DATA BELOW:
::::::

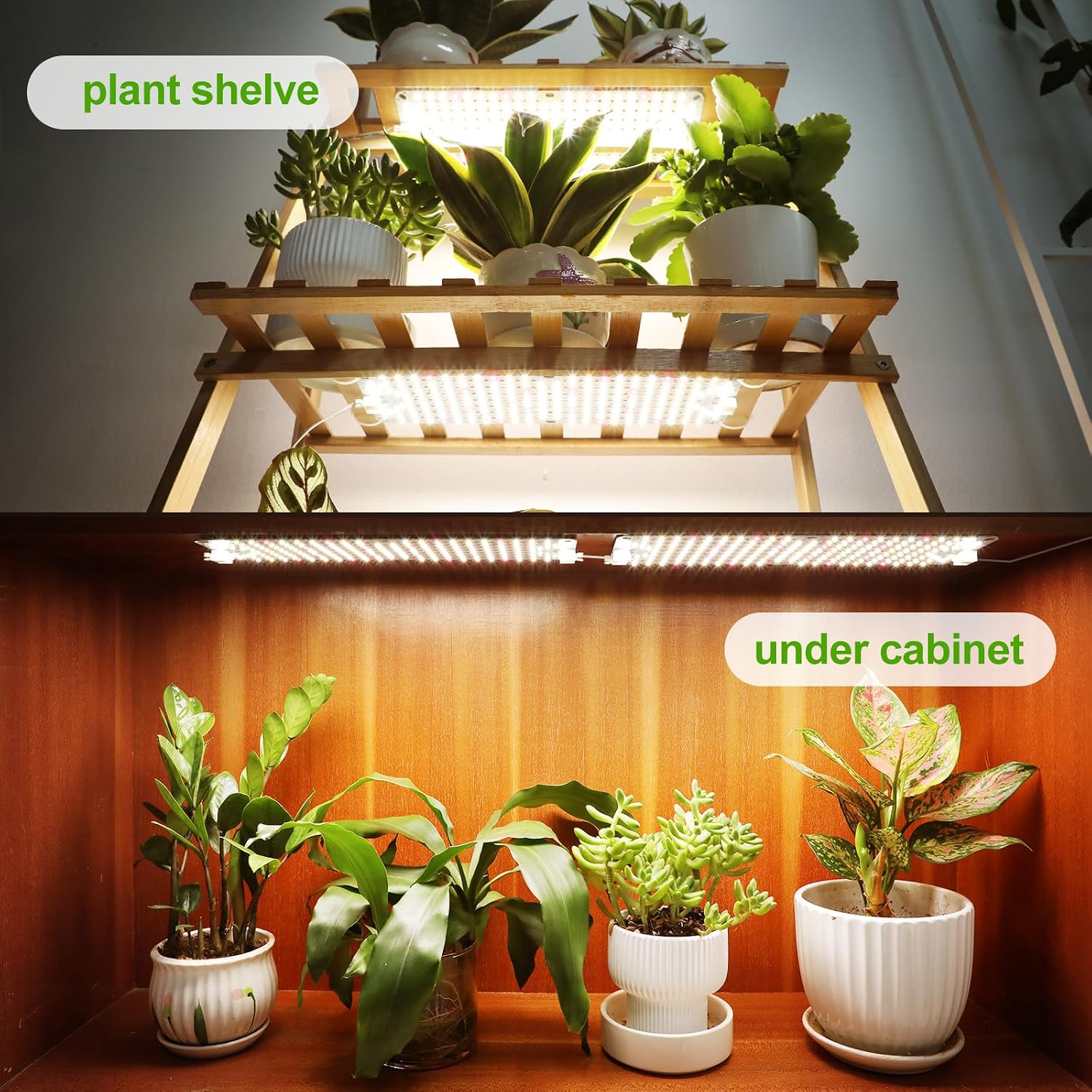 4Panel Grow Lights for Indoor Plants, Seed Starting, Veg, Pot Plants, Bonsai with Timer 4/8/12/16/20H, Ultra-Thin Under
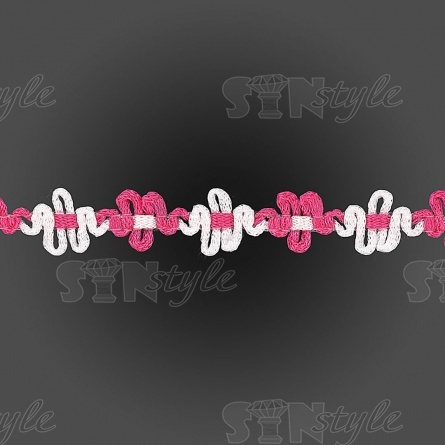 Тесьма отделочная вязаная, цвет фуксия (28), ширина 15 мм, намотка 50 ярдов  фото 1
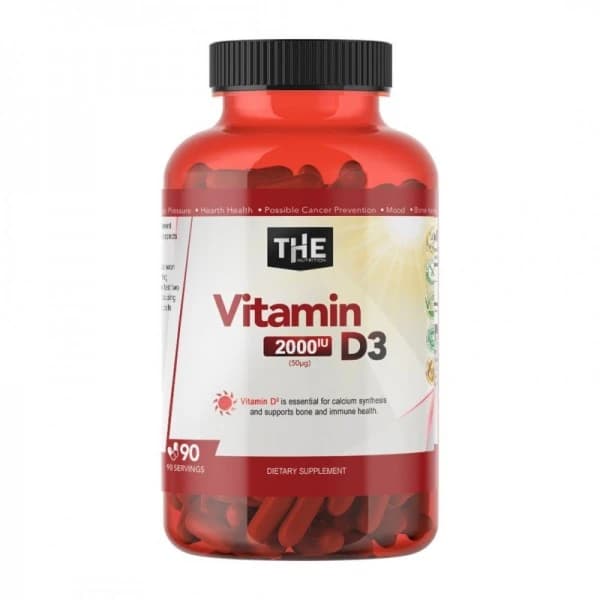 D3 Vitamin 2000 IU THE Nutrition 90 kapsula vitamin D3 za imunitet kosti mišiće i svakodnevnu suplementaciju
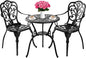 Bistro Set 3 Piece Outdoor, Bistro Table and Chairs Set of 2, All Weather Patio Bistro Set with Umbrella Hole, Patio Set for Garden, Black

::::::

ASSIGNMENT:
Make an exact copy of the listing above, omitting the pictures.

ANSWER TO THIS TASK:
 4Panel Grow Lights for Indoor Plants, Seed Starting, Veg, Pot Plants, Bonsai with Timer 4/8/12/16/20H, Ultra-Thin Under
 Тесьма отделочная вязаная, цвет фуксия (28), ширина 15 мм, намотка 50 ярдов  фото 1
 D3 Vitamin 2000 IU THE Nutrition 90 kapsula vitamin D3 za imunitet kosti mišiće i svakodnevnu suplementaciju
 Bistro Set 3 Piece Outdoor, Bistro Table and Chairs Set of 2, All Weather Patio Bistro Set with Umbrella Hole, Patio Set for Garden, Black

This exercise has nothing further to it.